। जय श्री भगवान् ।
In the last post I talked about how to add a system call to a x86 or x86_64 system. There are a couple of ways when a user space application might want to interact with kernel for example I/O operations or some performance statistics or maybe a special device has its own set of ioctl calls which the program want to use. We saw one example, that is using a system call by which a user space program can interact with kernel however it's not possible and even required to be adding system calls.

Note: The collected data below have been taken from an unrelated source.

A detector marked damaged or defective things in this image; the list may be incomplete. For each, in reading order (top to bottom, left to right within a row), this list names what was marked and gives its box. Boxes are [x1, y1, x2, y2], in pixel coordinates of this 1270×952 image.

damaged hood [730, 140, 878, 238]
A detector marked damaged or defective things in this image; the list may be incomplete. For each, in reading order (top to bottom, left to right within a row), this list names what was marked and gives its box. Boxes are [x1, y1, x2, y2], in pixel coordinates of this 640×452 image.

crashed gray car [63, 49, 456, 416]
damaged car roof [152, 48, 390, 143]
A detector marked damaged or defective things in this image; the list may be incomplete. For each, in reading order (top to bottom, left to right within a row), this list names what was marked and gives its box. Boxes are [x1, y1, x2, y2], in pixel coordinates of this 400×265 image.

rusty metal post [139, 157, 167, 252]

We'll take a look at one of the most simple interfaces for interacting with kernel here, which is the sysfs. Although it's not "as simple" as you may think, but we can leave out a lot of things like locking, allocating memory, file operations etc. So we can just focus on one thing, that is the easiest way to get data into and out of the kernel. Usually sysfs is used for making module interaction and exporting device specific information however it can be used for literally anything you want to accomplish. So let's dive into the basics first what exactly is sysfs
The basic idea of having a Sysfs
Sysfs was created mainly for devices and kernel modules wishing to export/import information. The information to be exported can't be more than PAGE_SIZE (usually 4KiB) however depending on how one is implementing the Sysfs files you can accomplish quite much more. So the basic idea is that when a module wants interactivity from user space for example a device that can be turned off by the root user by writing a specific command in the device's register then he/she shouldn't have to go all the way to write a program doing ioctl's. Instead, the device's driver module can create Sysfs entries allowing the root user to just do echo <command_value> /sys/<sysfs_file> which would take care of everything.

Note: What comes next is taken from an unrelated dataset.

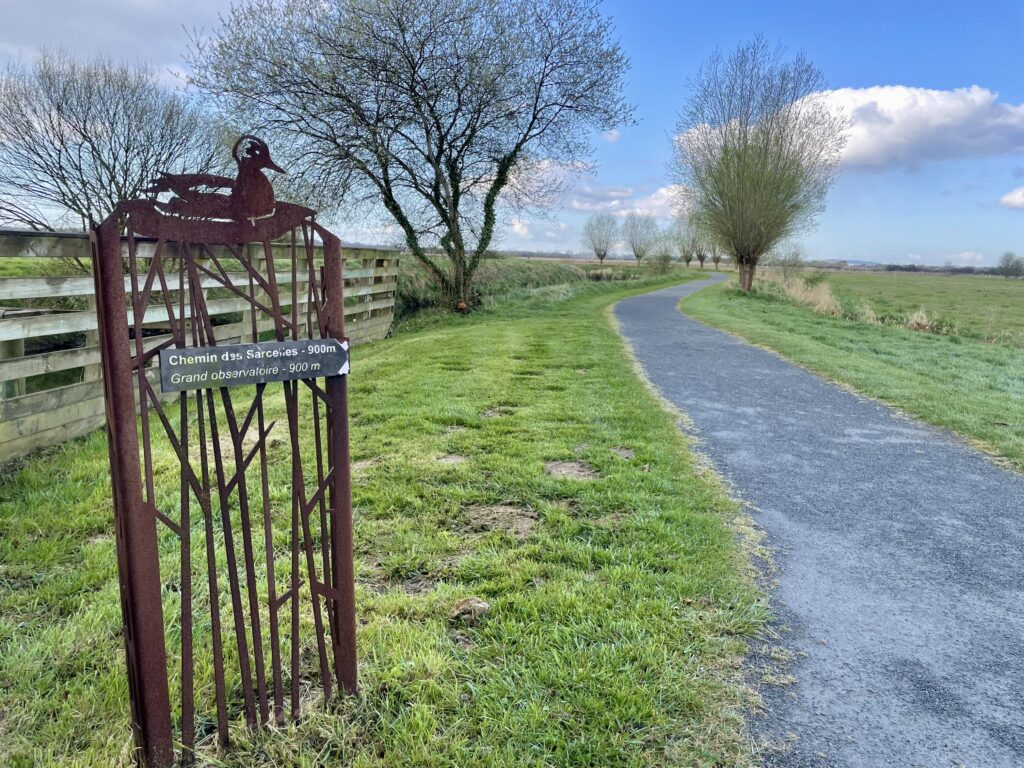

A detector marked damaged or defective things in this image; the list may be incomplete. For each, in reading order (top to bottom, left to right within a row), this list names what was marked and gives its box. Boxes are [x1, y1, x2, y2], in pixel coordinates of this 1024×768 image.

The whole sysfs is based on the idea of kobject, which represents some kind of entity. A kobject may have a parent and may have many children which again are kobjects. So the basic idea is something like shown below,
Sysfs Structure |
So basically the idea is to group a certain type of kobjects and put them under that type. By default you can see the sysfs entries in /sys, and depending on the type of kobject you wish to implement it could be added under one of these. Since this is a very gentle introduction to kobjects we'll rather not use any parent and add our kobjects directly under /sys. So let's see what do we need to know in order to do this,
The following is the listing of kobject structure,
struct kobject { const char *name; struct list_head entry; struct kobject *parent; struct kset *kset; struct kobj_type *ktype; struct sysfs_dirent *sd; struct kref kref; unsigned int state_initialized:1; unsigned int state_in_sysfs:1; unsigned int state_add_uevent_sent:1; unsigned int state_remove_uevent_sent:1; unsigned int uevent_suppress:1; };
The above structure seems daunting there's a lot going on there however we don't need to bother about most of it right now and just need the name, kref and the parent. The rest are used for internal kobject maintenance. The Leaf kobjects are the ones where the real thing happens. These Leaf kobjects are implemented by the module writer using attributes or in specific kobj_attribute. The following shows the listing for both,
struct attribute { const char *name; umode_t mode; #ifdef CONFIG_DEBUG_LOCK_ALLOC bool ignore_lockdep:1; struct lock_class_key *key; struct lock_class_key skey; #endif };
struct kobj_attribute { struct attribute attr; ssize_t (*show)(struct kobject *kobj, struct kobj_attribute *attr, char *buf); ssize_t (*store)(struct kobject *kobj, struct kobj_attribute *attr, const char *buf, size_t count); };
As you can see the kobj_attribute embeds the attribute structure however it also provides methods to show and store information from/to user/kernel. Thus it all boils down to the following steps that need to be done
- Create a parent for our attributes. This is required since we don't want to have our attributes coming up under sysfs directly.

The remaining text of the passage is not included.